Día de los Muertos, or Day of the Dead, is a tradition celebrated across Latin America from October 31 to November 2. The belief is that during this time, the spirits of our deceased family members can visit their living family members. It is a celebration of life and death and a time to remember our family member’s time on Earth. November 1 is All Saints Day and “El Día de los Inocentes”, or the Day of the Innocents, meaning the children who passed away (as is celebrated particularly in Latin America). Although Mexico is where this tradition originated and is highly celebrated nationwide, it is not the only country that celebrates this tradition. The customs of celebration are expressed differently across the world, even ranging in custom according to region within each country. The roots of Día de los Muertos goes back thousands of years to the rituals of the Aztecs in Mesoamerica, which is now Central Mexico. The Spanish colonization brought with it an entirely new language, culture, and even religion. Catholicism was imposed on the native people. The indigenous had to assimilate and therefore blended traditions and beliefs to create new customs.
Today, this festive time is filled with families preparing for nearly a month in advance to create beautiful ofrendas/altars, decorate the burial sites, and cook amazing food! The Aztecs would historically offer water and food on the ofrendas to help their deceased on their journey. Now, families set up these ofrendas in their homes by placing photos of their loved ones, some of their belongings, favorite food, calaveras/skulls, and flowers. Cempasuchil or marigolds are the flowers used during Dia de los Muertos celebrations to guide the spirits. These flowers can be seen in the movie Coco as a bridge between the “Land of the Remembered” and the “Land of Living”. The calaveras/skulls are beautifully painted and ornately decorated skulls that are also placed on the altars. They are extremely colorful and typically have patterns of flowers and a smile.
“Papel picado” means perforated paper and it is the banner-like paper you would see in Mexico and in the opening scene of Coco. It comes from Aztec tradition of chiseling spirit figures on wood and it is now reflected in modern-day papel picado. La Catrina is one of the biggest symbols of Día de los Muertos. She was created by Jose Guadalupe Posada and then later named and dressed up in a painting by Diego Rivera. She is portrayed as a tall skeleton wearing a nice dress and fancy hat with feathers. Posada first drew her as a satirical drawing directed to Mexicans who wanted to look more European, with the message that no matter your wealth, your status, or the color of your skin, everyone ends up as skeletons. Pan de Muertos, or Day of the Dead bread, is a huge part of the festivities and can also be placed on the altars.

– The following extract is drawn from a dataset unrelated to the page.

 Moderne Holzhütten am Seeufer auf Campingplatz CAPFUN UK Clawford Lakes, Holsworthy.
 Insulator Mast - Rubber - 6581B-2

My family celebrates Día de los Muertos by setting up ofrendas in our homes, remembering our deceased family members, and praying for them. My Abuelita and some of my Tias come together to create a beautiful ofrenda in my Abuelita’s home (pictured below). In my grandmother’s ofrenda, you can see the papel picado, images of our deceased loved ones, marigold petals, symbols of La Catrina, statues of Our Virgin Mary, food, and much more. In my own home, we didn’t really celebrate Día de los Muertos, but now it has a special place in my heart because it is a beautiful tradition of my culture. I get to remember and celebrate my Abuelito.